É óbvio que desmantelar a estrutura criminosa dos traficantes não é coisa fácil e que vidas iriam ser perdidas, sangue iria ser derramado, mas já que o assunto foi tão explorado, principalmente pela Rede Globo, durante os plantões de notícias da TV que o máximo de informações fosse repassada a população. Que a realidade venha à tona. Policiais, BOPE, fuzileiros, soldados, etc. NÃO SÃO HERÓIS e traficantes, laranjas, aviõezinhos NÃO SÃO VILÕES. O sistema, o mundo, a rede, enfim, o lugar onde vivemos é muito mais complexo do que isso.

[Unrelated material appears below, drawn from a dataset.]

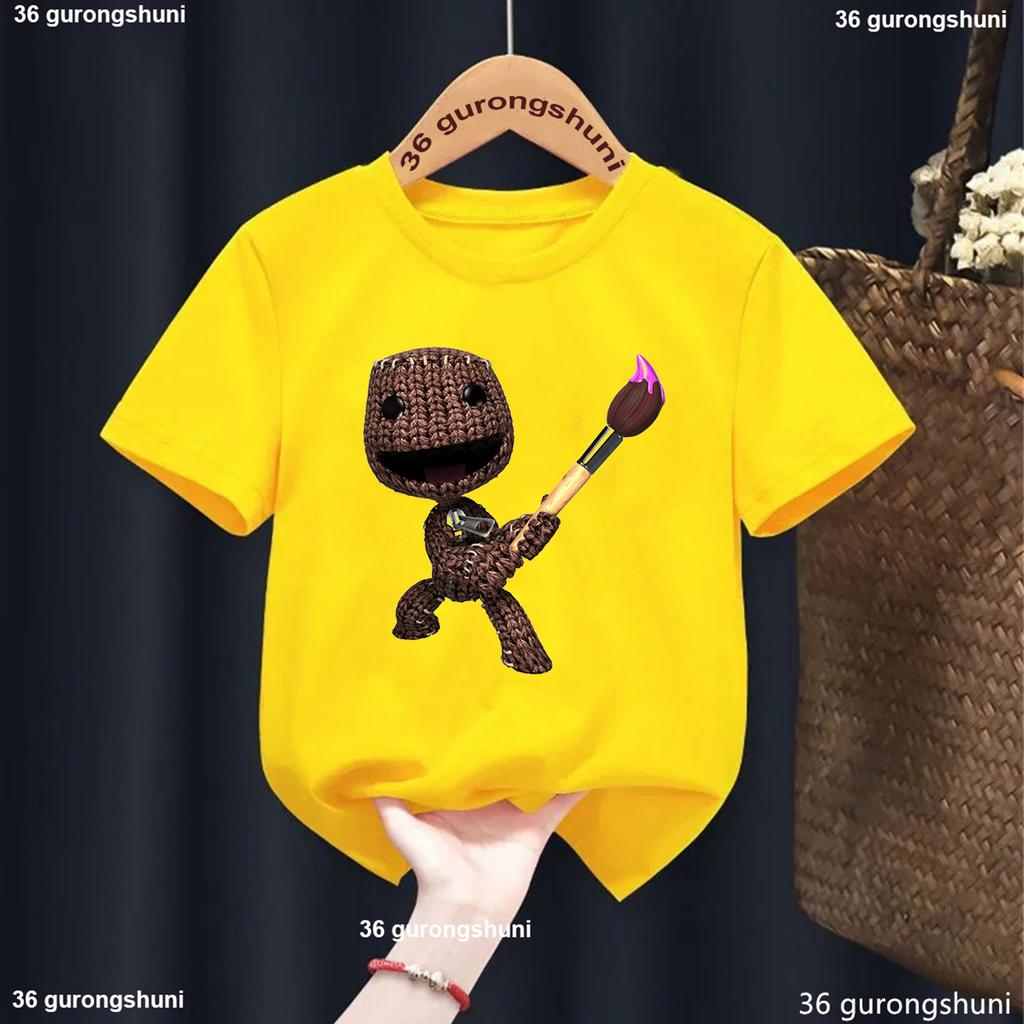 New Boys T-Shirt Funny Video Game Lbp Sackboy Cartoon Print Kid Tshirt Fashion Trendy Boys Clothes Summer O-Neck White Shirt Top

Tipificar ou rotular os agentes dessa batalha entre mocinho e bandido, bem e mau, é ignorar todo o histórico de desigualdade e de necessidades não atendidas, pelo Estado "Democrático de Direito", de uma população miserável.
Não vamos esquecer ou ignorar que, apesar do êxodo de criminosos, ainda existem famílias inteiras vivendo em condições calamitosas, que existem crianças, algumas que passarão o Natal e o resto da vida órfãs, como o filho de um segurança baleado ao sair de casa no Alemão para distribuir convites da festinha de aniversário de um ano do filho, que não têm culpa de estar no lugar onde estão e da condição a que respondem. O dever não foi cumprido, a morte e os mortos ainda vão continuar assombrando aqueles bolsões de pobreza e descaso por algum tempo se nada mais for feito.

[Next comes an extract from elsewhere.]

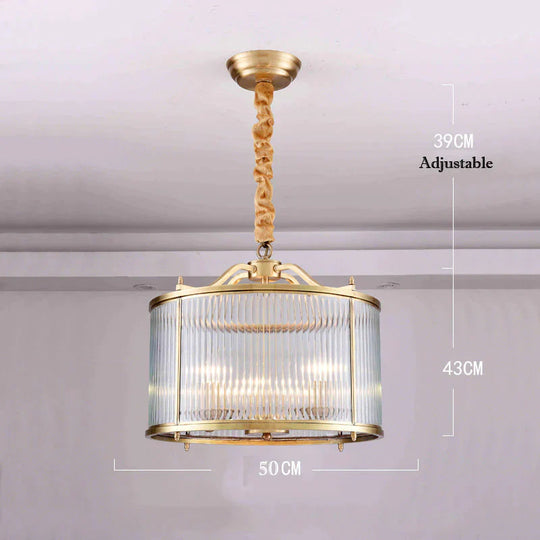 Fashion American Luxury Restaurant Bedroom Copper Chandelier D500*H430Mm Pendant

Há dez anos, após o sequestro do ônibus 174, promovido por um jovem que quando criança presenciou a chacina da Candelária, ocorrida também no Rio em 1993, culminou na morte deste e de outra inocente. Lembremos. E que algo seja feito para que daqui alguns anos jovens sedentos de vingança com as imagens dessa guerra guardadas em sua memória não precisem expressar sua raiva pela violência, mas que tenham a oportunidade de trilhar diferentes caminhos.
3 comentários:
Abra mais uma Serramalte, que estou sentindo muito sua falta, meu irmão. Vida longa à vida! E um abraço forte a ti.
Meu mano, não comentei do blog porque não queria alardear muito... rs... mas fui inspirado pelo seu e continuo sendo com suas palavras... abraço
Para ser honsta, nunca acreditei que tal "invasão policial" fosse feita a fim de ser uma espécie de salvamento do pessoal do morro.
Deve-se pensar no fato de que o problema na verdade mora no motivo da formação da favela.
Os fins justificaram os meios, no fim das contas.